Patient Satisfaction
Breastfeeding
Sleep

Treatments

Device: Standard Bassinet
Device: Couplet Care Bassinet

Study type

Interventional

Funder types

Other
NIH

Identifiers

NCT06533449
IRB00316391
R44HD097017 (U.S. NIH Grant/Contract)

Details and patient eligibility

About

The goal of this study is to evaluate the impact of the Couplet Care bassinet on maternal-infant outcomes in the postnatal hospital setting.

The main question this study aims to answer is: Does the Couplet Care bassinet have better maternal-infant outcomes compared to the standard bassinet?

The mother participants will:

-be surveyed about experiences with and use of the bassinet including: the mother's sleep, breastfeeding, calls to staff, infant location, and satisfaction.

Charts will be reviewed for additional outcomes.

Hospital staff and administrators will be surveyed about experiences with the bassinet.

Full description

The current study is a Phase II evaluation of the Couplet Care bassinet, designed by Couplet Care Limited Liability Corporation (LLC), a novel infant clinical bassinet designed to support safe implementation of skin-to-skin contact and rooming-in on postnatal units. Until recently, the standard of hospital care for healthy term newborns was to be observed and cared for by maternity staff in a nursery with other infants. However, as detailed in the World Health Organization (WHO) / United Nations International Children's Emergency Fund (UNICEF) report Ten Steps for Successful Breastfeeding, it is now recommended that mothers and infants "room-in" together 24 hours per day, with one hour of separation allowable for procedures outside of the postnatal unit room. As a result, the practice of nursery care is no longer recommended nor facilitated.

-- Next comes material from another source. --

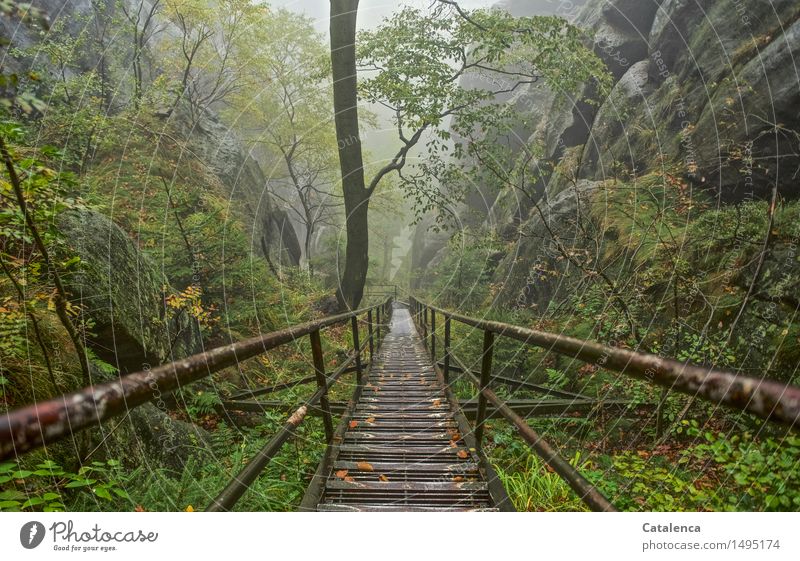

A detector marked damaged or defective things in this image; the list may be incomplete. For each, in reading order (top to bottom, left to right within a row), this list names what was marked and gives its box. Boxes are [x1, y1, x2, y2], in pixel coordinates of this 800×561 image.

rusty metal railing [0, 300, 394, 510]
rusty metal railing [410, 298, 800, 512]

However, most bassinets in United States (U.S.) hospitals are still designed for use by ambulatory nursery staff, rather than by mobility-impaired new mothers. Current bassinets were not designed for patient use and restrict maternal access to the infants and introduce infants to increased risk of physical injury. Bassinet tubs can tip under the weight of mothers' arms and the height of the tub walls can compromise infant handling. Often, new mothers are required to either substantially twist the body to access the infant or get up out of bed to reach the infant, despite being in immediate postpartum period and needing to heal. Such actions can cause new mothers to experience unnecessary frustration, pain, or even injury. This is especially critical to the one-third of U.S. women who deliver by cesarean section, as the mother's limited ability to move and postpartum pain hinder timely and safe infant care, undermine breastfeeding, impede the mother's own recovery, and contribute to risk of infant falls and suffocation. The substantial difficulty maneuvering infants in and out of conventional bassinets, coupled with the pain and fatigue felt by new mothers, increase the risk of 1) infant drops, and 2) falling asleep with infants in unsafe arrangements. To address these gaps in safety Couplet Care has developed a novel bassinet that allows mothers to position infants over the mother's bed and handle the infants independently.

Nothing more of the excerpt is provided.